La Boccassini ha mischiato la legge con l’antipatia per il Cavaliere. E durante la requisitoria è stata più predicatrice che pubblico ministero

Non è un pm sereno. Quello che impressiona della requisitoria di Ilda Boccassini è la foga, il coinvolgimento, come se questo processo fosse una questione personale. Manca la lucidità, il distacco, quello spazio freddo, non emotivo, che separa l'accusa dall'imputato. I processi di solito assomigliano a una partita a scacchi, invece qui c'è la ricerca del corpo a corpo, dove il diritto si mischia con l'antipatia viscerale, non solo verso Berlusconi, ma anche verso il suo mondo, verso Ruby, verso le ragazze, verso una generazione. È come se nell'aula del tribunale si giocasse la sfida finale tra due visioni della vita. Ilda diventa così giustiziera e paladina, predicatrice e moralizzatrice, pubblica accusa e giudice finale. Solo così si spiegano i suoi troppi errori, le cadute, le frasi che toccano il razzismo. Quella «furbizia orientale» rimbalza sui social network e nei giornali, fa discutere in tv e molti si chiedono cosa sarebbe successo se un qualsiasi altro pm avesse definito così la presunta vittima durante un processo. Tutto questo mentre si ironizzava sulla «geografia di Ilda», che sposta il Marocco ad Est.

La Boccassini che bolla una generazione come cinica e perduta. «È una furba che come molti giovani delle ultime generazioni vuole entrare nel mondo dello spettacolo e fare soldi, il guadagno facile, il sogno italiano di una parte della gioventù che non ha come obbiettivo il lavoro, la fatica, lo studio». La Boccassini che racconta e marchia Ruby come prostituta abituale, che frequenta signori in Bentley, ma che si dimentica di aprire un'inchiesta anche contro di loro. Solo Berlusconi. Esiste solo Berlusconi, il male assoluto, il principio e il simbolo di tutto quello che lei odia, detesta, condanna. La Boccassini, appunto, che si lascia scappare un «condanno Berlusconi», come se la sua requisitoria fosse già un verdetto.

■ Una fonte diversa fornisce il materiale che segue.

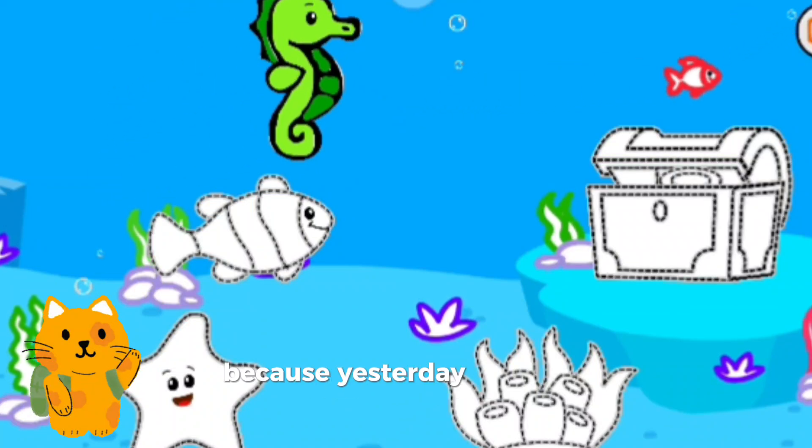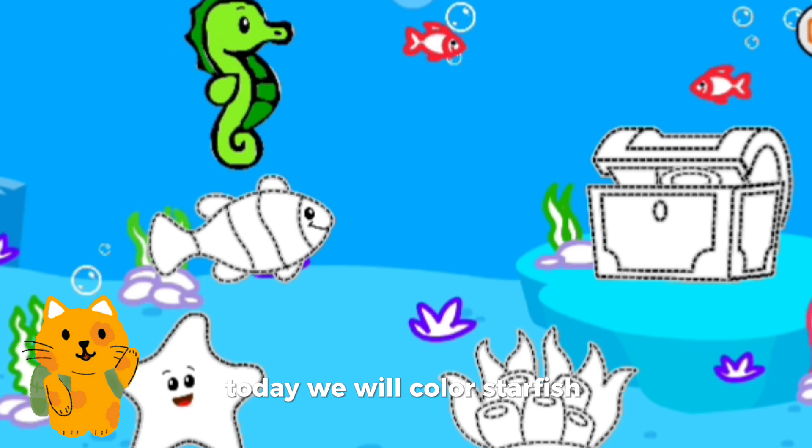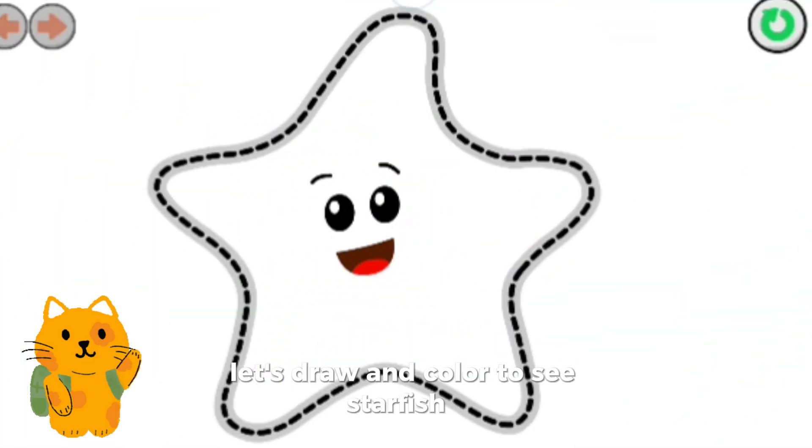Hello everyone. Because yesterday we had brought and colored seahorses, today we will color starfish. Have you ever seen a starfish? Let's try to color to see starfish.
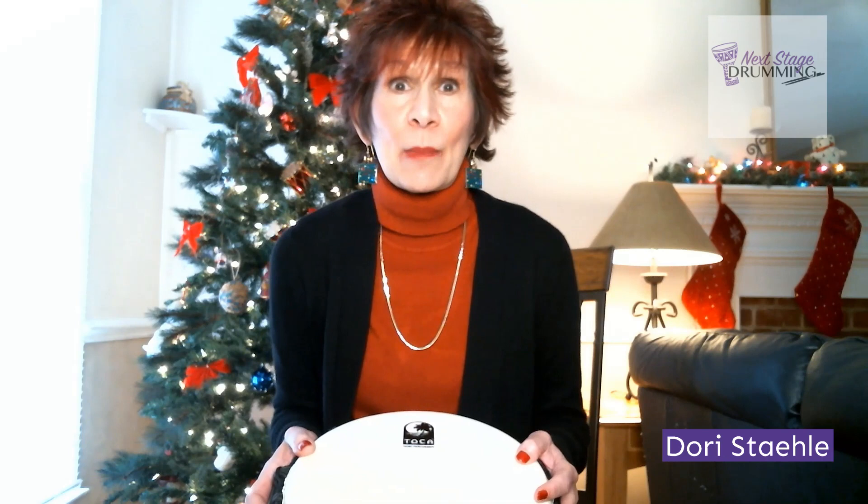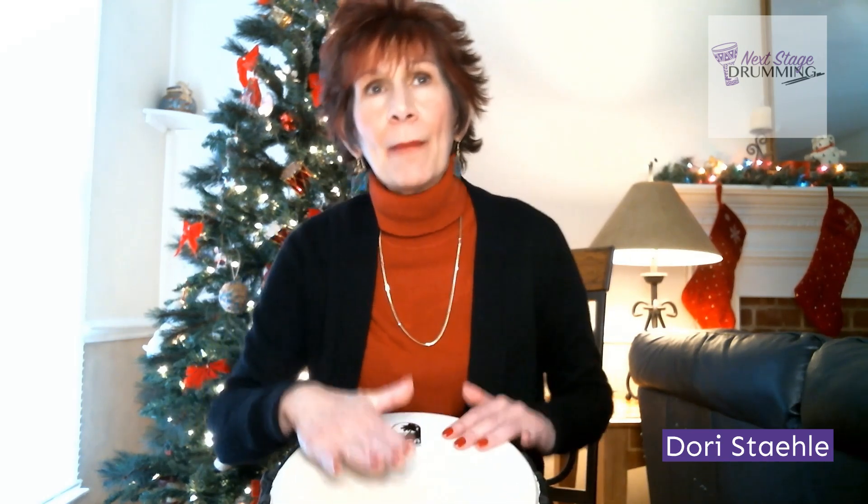Here's one that's in some of the older Christmas songs, like Rockin' Around the Christmas Tree. Are you ready? Single stroke roll. There you go.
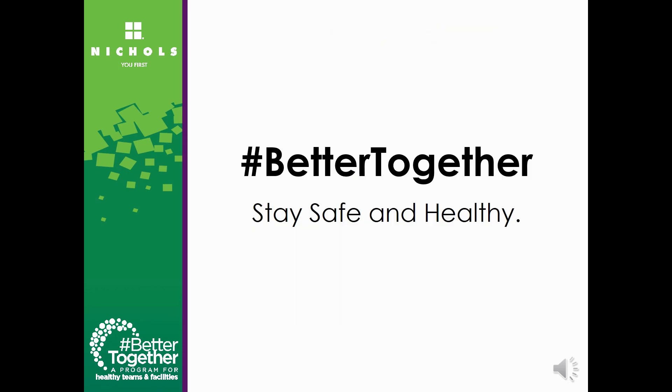All of us here at Nichols want to make sure you and your team stay safe and healthy, because we are better together.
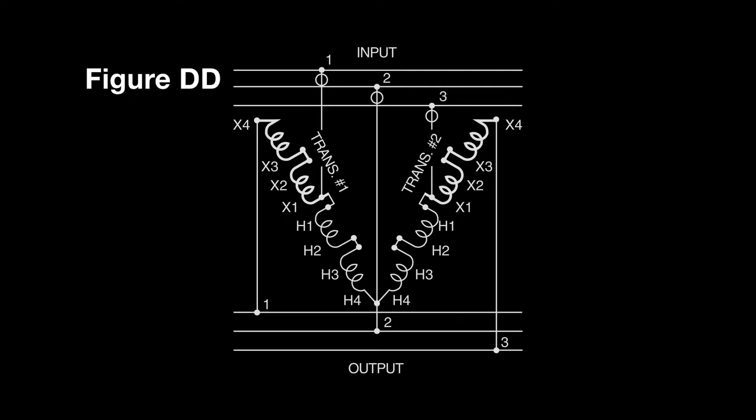This demonstration will follow figure DD in our Acme Electric Catalog.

Eccola. È questa la donna che dovrebbe tranquillizzare tutti gli italiani su una giustizia non di parte. Non è facile non avere dubbi. Qui è in ballo il destino e la reputazione di un ex presidente del Consiglio, di un leader politico votato da milioni di italiani. In caso di condanna non ci devono essere sospetti. Nessuno dovrebbe restare con la paura che tutto questo avviene solo perché si vuole togliere di mezzo un avversario politico. È nell'interesse della giustizia e dei magistrati spazzare via ogni dubbio, ogni timore, ogni ambiguità. L'Italia non può permettersi il lusso di una giustizia politica. Il guaio è che a destra come nella sinistra, non resa cieca dall'antiberlusconismo ideologico, le parole di Ilda hanno aperto una voragine di dubbi. Tanti. Troppi. La Boccassini ieri in aula ha giocato la sua peggiore partita.

Una condanna di Berlusconi, quei sei anni carichi di rancore, rischia di aprire una ferita insanabile nella democrazia di questo Paese. Non ci sarà più possibilità di condividere nulla, né il futuro né il passato. È come se due popoli vivessero senza riconoscersi sullo stesso territorio. La requisitoria della Boccassini ha costruito una frontiera invisibile che spezza in due l'Italia. La speranza è che i giudici di Milano spazzino via questo muro, questa frontiera.

Il governo Letta, raccontato come un inciucio, è il tentativo di gettare le basi per la terza Repubblica. Ma se non si risolve il nodo giustizia resteremo sempre prigionieri in questo limbo grigio e senza orizzonte. E il nodo giustizia passa per Berlusconi.